The Underhanded C Contest is a yearly contest which has a simple goal: write an innocent looking program in C that hides malicious behavior. Bonus points if it looks like a legitimate bug. Immediately, I can hear the cries: “WHY? Why would you write code that hides what it’s really doing?” The answer to that is simple: To become better programmers.
C can be a dangerous language. It’s great for bit-twiddling, it can let you overwrite the execution stack, among of horde of other dangerous things. C is literally one step removed from assembler. Of course, all these dangers are also the power of C. It’s very to write code that can effectively talk to hardware in many languages that are viewed as more advanced than C, particularly these days as more and more languages utilize specialized runtimes which typically have low-level functions implemented in the Runtime in C anyway.
The challenge grew out of the 2004 Obfuscated V Contest, a contest started by a disgruntled American voter who was upset at George Bush’s re-election. This challenge was to write a vote tabulation program that looked correct, but secretely favored one candidate. Such is the basis for all the contests. Write innocent looking code, that does something evil.

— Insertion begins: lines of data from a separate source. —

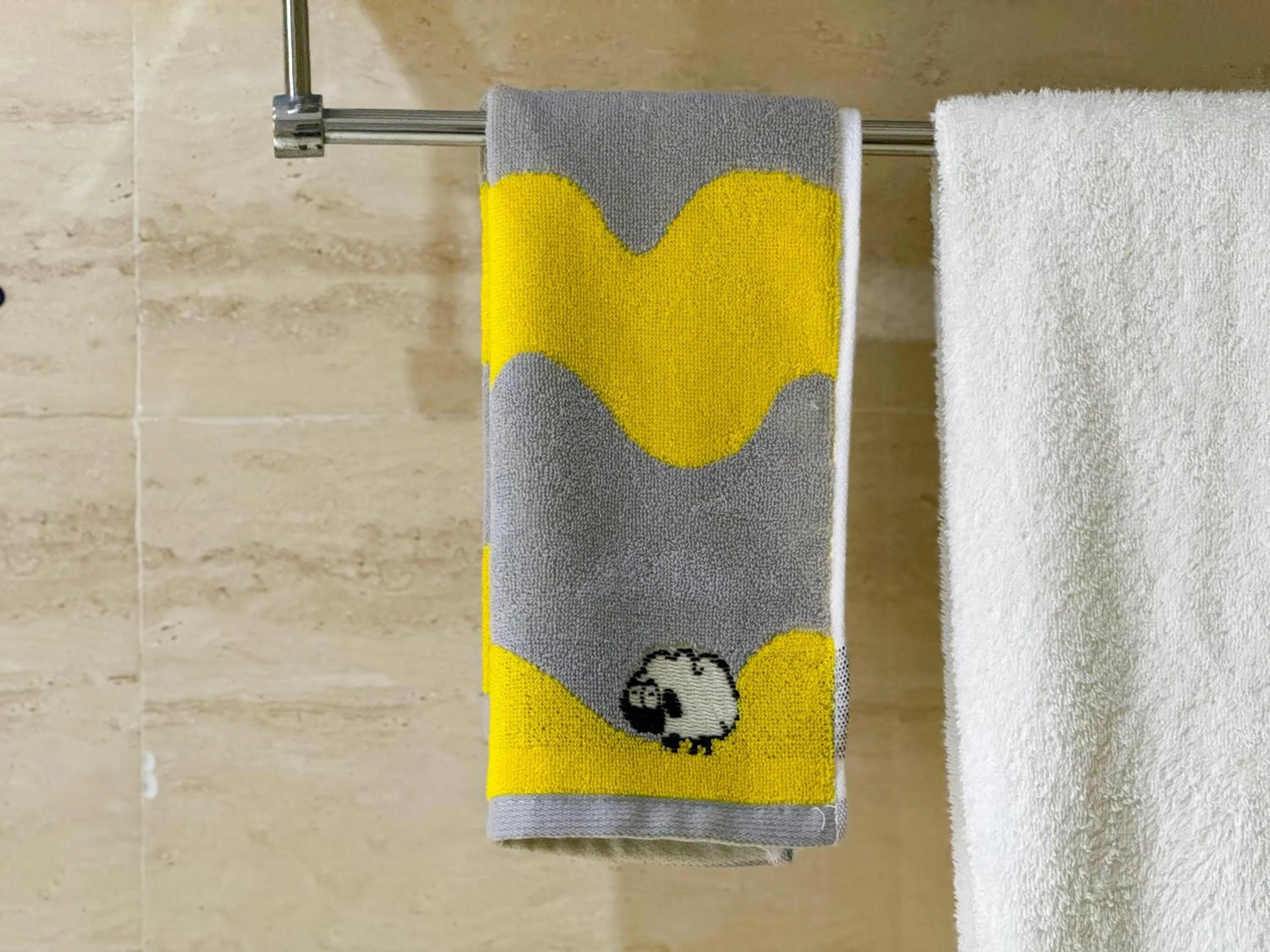 Bathroom in Barry Boutique Hotel Sanya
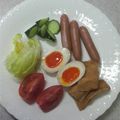 サーフブレイド's cooksnap of when they made 簡単煮玉子.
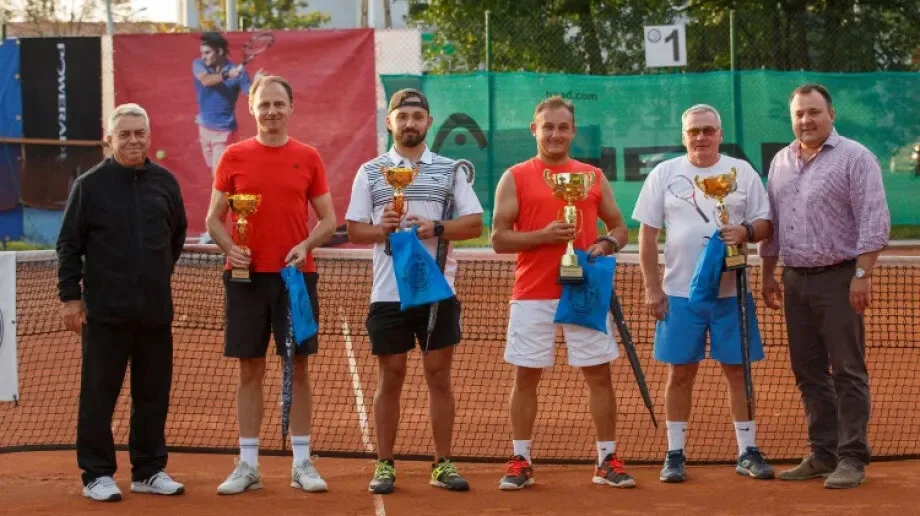 Turniej o Puchar Burmistrza rozstrzygnięty (zdjęcia)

These challenges have ranged from image processing to encryption tasks, with this years being to redact part of an image in a recoverable fashion. They provide a PPM library, conveniently enough, so all you need to worry about is making the image look redacted, but having the data still recoverable, all while making sure the code looks completely innocent. I’m going to be looking at competing, hell there is a $100 Thinkgeek gift certificate on the line, but I haven’t done any C in a year or so. Needless to say, I’m not sure I’ll do well. Should be an entertaining challenge though.